Fourthly, the difficulty to join institutions such as networks and organisations. This idea is confirmed by a friend in L’viv: she knows quite some women that combine a (starting) career with taking care for their families, but an institutional network in which such women support each other is hardly existing. It still depends on the individual search for options and resist critical remarks. Also women that return home after some years of migrant labour experience difficulties – “alienation from the family, difficulties to implement renewed gender ideas”, says Alisa. However, according to Luba there lies great potency with returning women as so-called change agents. “They are in the position to stimulate that more women take positions in companies and at leading political posts”. However, this might too easily skip the fact that these women also strongly compete with each other on the tight labour market (talking about sisterhood is too farfetched, according to Alisa) and fall back in unchanged social structures of family and society. And, in what sense do Ukrainian women that have married a foreign man really have the opportunity to strive for equal gender relationships? The existing image is that men choose a woman in depending position, which is different from the often self-conscious Western women who no longer accept stereotypical gender roles.

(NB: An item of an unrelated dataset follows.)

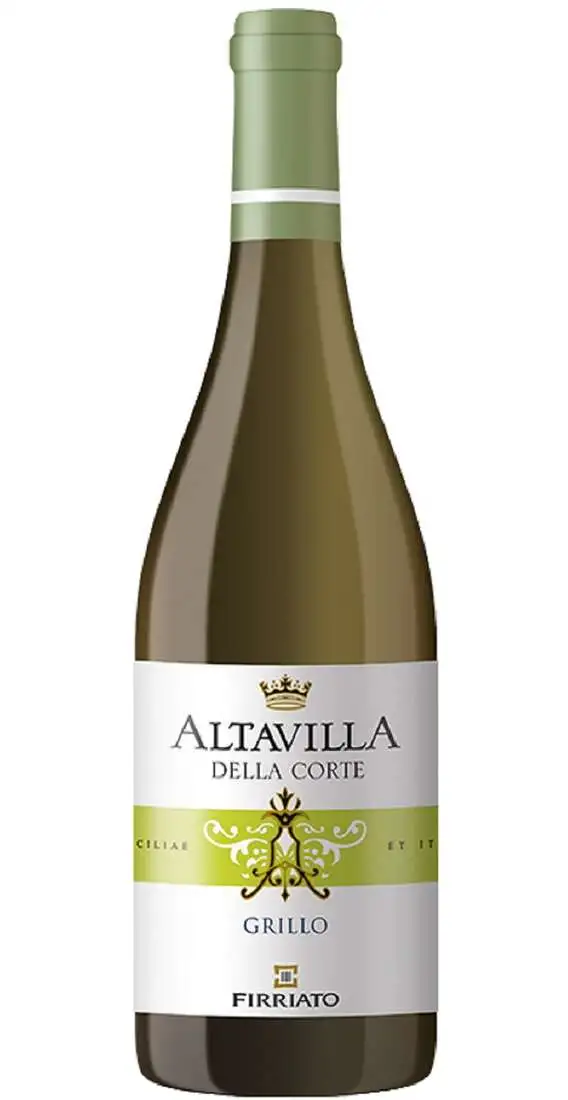 ALTAVILLA DELLA CORTE Grillo FIRRIATO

Also in Ukraine, the road to break through conservative gender stereotypes and to reach equal gender relationships is still a long one. The basis for change is recognising the problem of conservative gender stereotypes and the required solidarity amongst women in need of change. Not with the intention to emphasize the differences between men and women even more, but to achieve solidarity with people that aim to live a life that is pleasant for them and does not unnecessarily harm others. Standard views on how others have to live and behave will have to be challenged strongly.
With thanks to Caecilia J. van Peski, Maria Alekseyenko, Luba Maksimovych, Alisa Tolstokorova, Olena Suslova and Olenka Grencheshen.
PS: a critical note with regard to the formation of this article is that I have talked with various persons, men and women, about gender relationships. These are persons that I meet in daily life. On the other hand I have interviewed a few persons that are involved with gender issues from a professional point of view. Not entirely coincidentally these are only women. A next article will profit when adding more active statements of both men and women.
PS: about the author: Tilia lives in Ukraine since July 2009, near L’viv. She helps a centre for disabled children in L’viv, Dzherelo, with issues of management and communication. Her partner is an organic farmer. Within the Netherlands Tilia worked for Cordaid (one of the large development cooperation organisations) as a project manager on themes of women and minority issues in India and Afghanistan.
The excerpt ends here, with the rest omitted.